Step 3: Make your brine. A classic brine ratio is typically 1:1 acid to water, plus kosher salt and granulated sugar. Feel free to experiment with the vinegar you use (distilled white, red wine, rice wine, and apple cider are all good options). Simmer your water, vinegar, salt and sugar in a saucepan until the salt and sugar have dissolved. For 6 cups of vegetables, Jennings suggests 2 cups of water, 2 cups of vinegar, ¼ cup of sugar and about 2 tablespoons of kosher salt. Carefully pour the hot brine over your vegetables so that they're completely submerged in the liquid and there is at least a ½-inch of room between the liquid and the jar. Seal your jars and let them sit at room temperature for 2 hours. Transfer to the fridge and chill until ready to use. These pickles will taste great after 6 to 8 hours, but get even better after a few days. Refrigerate for up to 3 weeks.
Step 4: EAT. I’m a firm believer that every dish is improved by a punch of acidity. Here, a few ideas for serving your spring pickles (aside from eating them out of the jar in your underwear):
- Serve as an accompaniment for a cheese or charcuterie board (bonus: a great way to impress your guests)
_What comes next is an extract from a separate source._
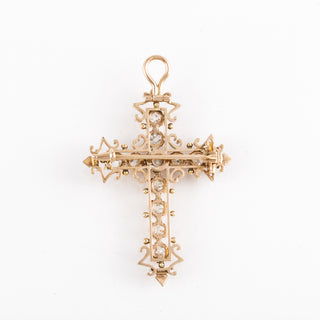 Victorian Old Mine-Cut Diamond Cross Pin/Pendant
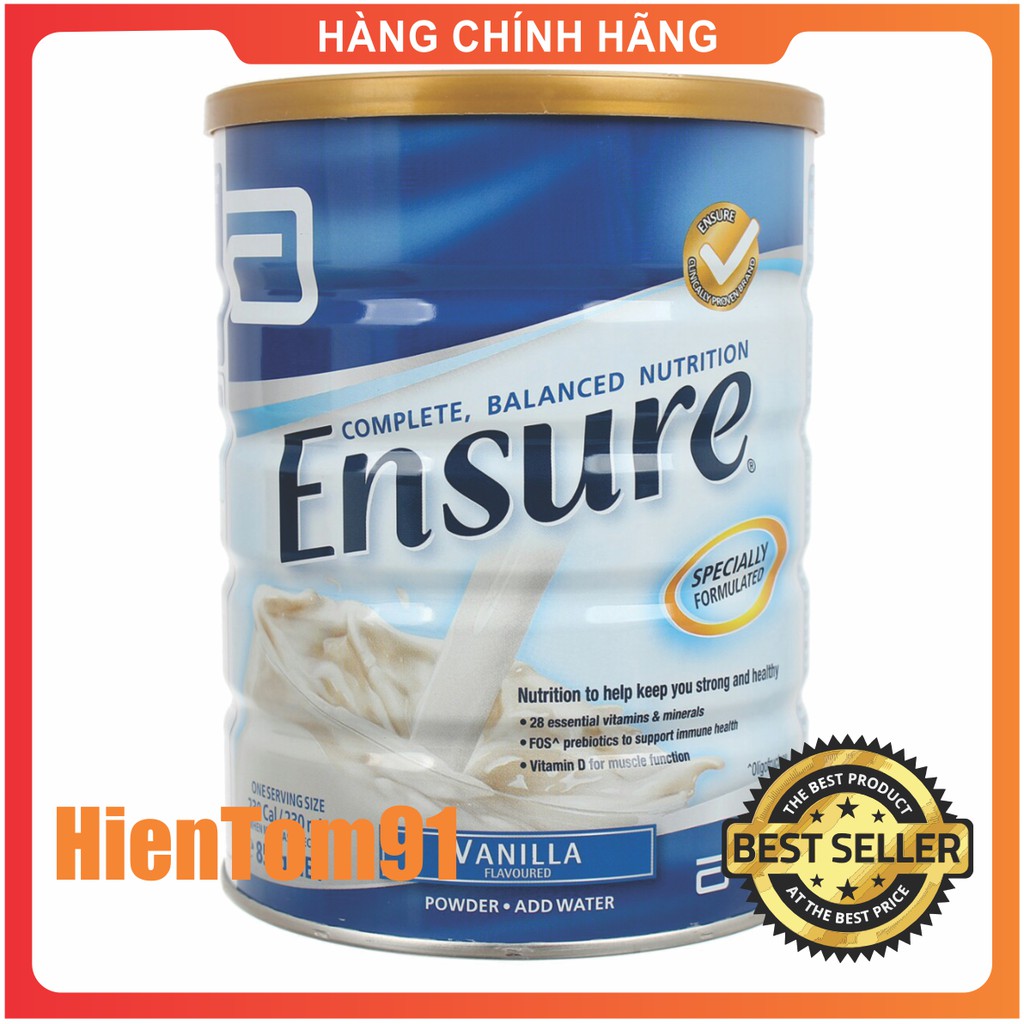 Sữa Bột ENSURE Úc Vị Vani (850g) date dài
- Finely chop and pile on a sandwich with cured meats, sliced cheese, sliced tomato, lettuce and mayo
- Smear grilled bread with fresh goat cheese and top with thinly sliced pickles
- Serve with fish tacos
- Slice and add to a homemade bibimbap bowl
- Slice and fold into a salad
- Garnish a Blood Mary
- Chop and fold into an egg or potato salad
- Grill the whole pickles, then chop them up and mix with olive oil for a bright steak sauce, or use the grilled pickles as a burger topping
- Take shots of the brine (seriously). It’s proven that pickle brine is good for your digestive system. Whether you decided to chase it with whiskey is up to you.